Lowell, Massachusetts, on the Merrimack River, (1) is the fourth largest city in state, (2) was founded as a planned community and (3) was the largest industrial complex in the US in the 19th century. (4) It made textiles from the cotton produced by all those plantations in the south. Those are all things I didn’t know about Lowell before I went for a visit in October.
What I did know was that it was all about mills and industrial history. And what did I know about industrial history? Zippo. So off I went, to learn something.
New England Quilt Museum
While I was in Lowell to learn about industrial history, Kathie’s priority was the New England Quilt Museum. She’s an avid and accomplished quilter. The museum had very innovative, avant guarde modern pieces, as well as traditional ones. This being a history blog, I’ll show you a traditional one.
This circa 1875 hand pieced, hand quilted cotton bed cover has a bandanna from Ulysses S. Grant’s presidential campaign as a centerpiece.
This was another place that had me sign a waiver saying that none of my photos would be used commercially. I’d never had to do that before, anywhere, and now I’d done it twice in one trip.
American Textile History Museum
I go to hundreds — not an exaggeration — of museums a year, so I get very excited when I find one that shows me something I’ve never seen before.
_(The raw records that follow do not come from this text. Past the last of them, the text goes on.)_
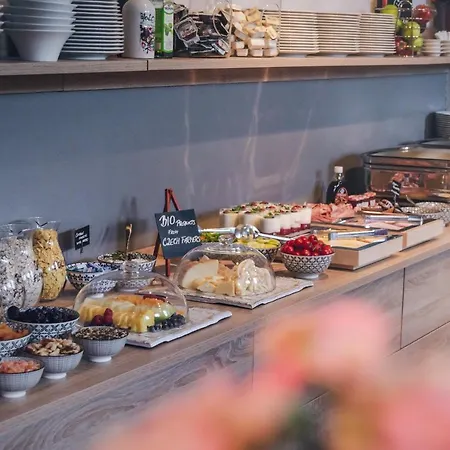 Boutique Klarov Hotel Prague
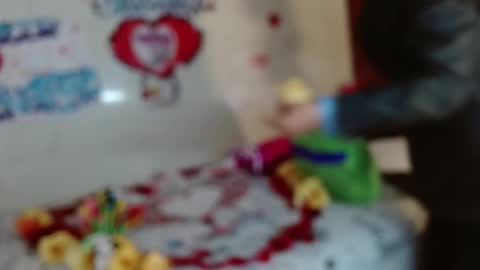 Snapshot of iamyourspicyone chatting on February 2026 11:10:01 AM iamyourspicyone online show from February 2026 11:10:01 AM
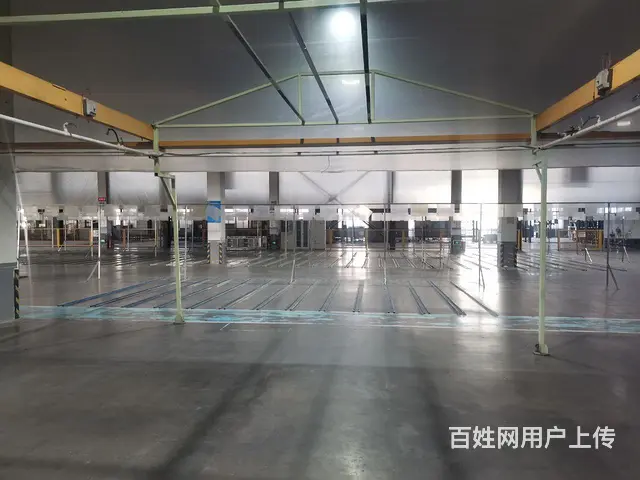 （老板房源）捡漏啦！大型产业园独门独院厂房优价出租（可分租） - 图片 6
The American Textile History Museum managed that, so it now has a place as one of my top favorites. According to its website, it documents “the woolen, cotton, flax and silk industries in New England and beyond through its collections of pre-industrial tools, powered industrial era machinery, flat textiles” and books.
I see many dresses in museums, but I’ve rarely — actually, not at all in recent memory — seen a man’s suit. And definitely not one as well preserved as this circa 1770 silk, linen and cotton three-piece (jacket, waistcoat, pants) ensemble from Europe.
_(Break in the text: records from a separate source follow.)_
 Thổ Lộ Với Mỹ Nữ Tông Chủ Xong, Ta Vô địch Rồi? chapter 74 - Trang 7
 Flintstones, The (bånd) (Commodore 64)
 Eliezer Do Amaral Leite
I was fascinated by the 1854 daguerreotype of weaver Mary D. Warner because of the short sleeves on her dress. I guess they didn’t want sleeves getting caught in machinery.
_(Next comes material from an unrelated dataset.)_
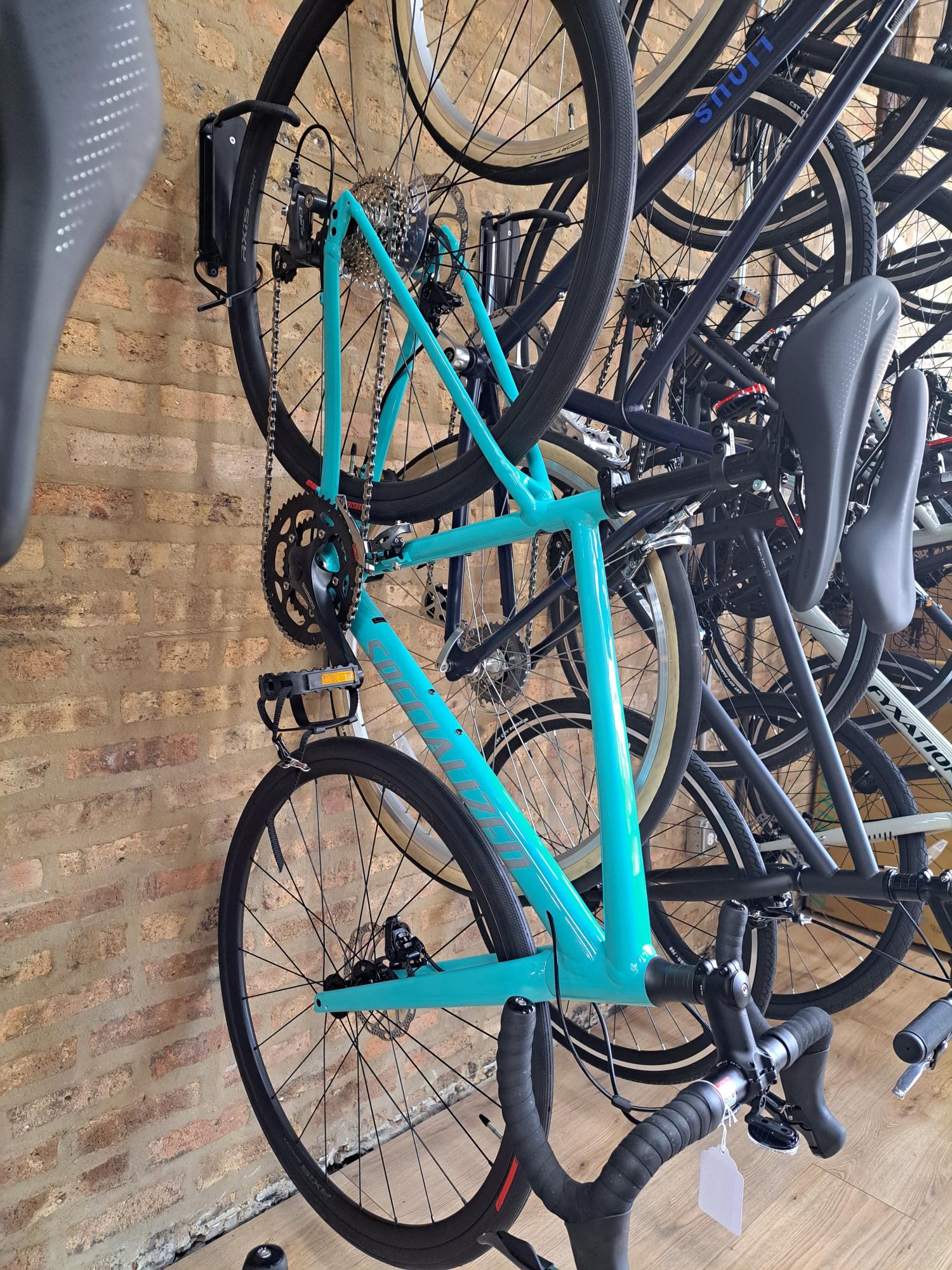 2023 Specialized Allez Teal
I’m showing the corset because — ouch.
Boote Cotton Mill and Museum
I have an abandoned industrial building fetish. Not as strong as my staircase fetish, but close. So I was very excited by this:
The Lowell National Historical Park operates several sites around Lowell, all related to the textile industry, and we visited this one: a large cotton mill complex and its adjoining workers’ dormitory. It’s actually not abandoned anymore — most of it has been turned into apartments.
Boote Mill was built in 1835 and ran for about 100 years. They gave us ear plugs as we went into the area with the machines, which were in operation. I bet no one gave the workers ear plugs. They sell the fabric they make on the looms in their gift shop, as dish towels. They’re lovely and $4.95 each. The link’s photo shows a beige on but they have lots of colors. I got a load of aqua ones.
Lowell Mills made various fabrics from southern cotton not only for general sale, but also one specifically for the southern market: “Negro cloth” AKA “Lowell.” It was a coarse material used to make clothes for slaves.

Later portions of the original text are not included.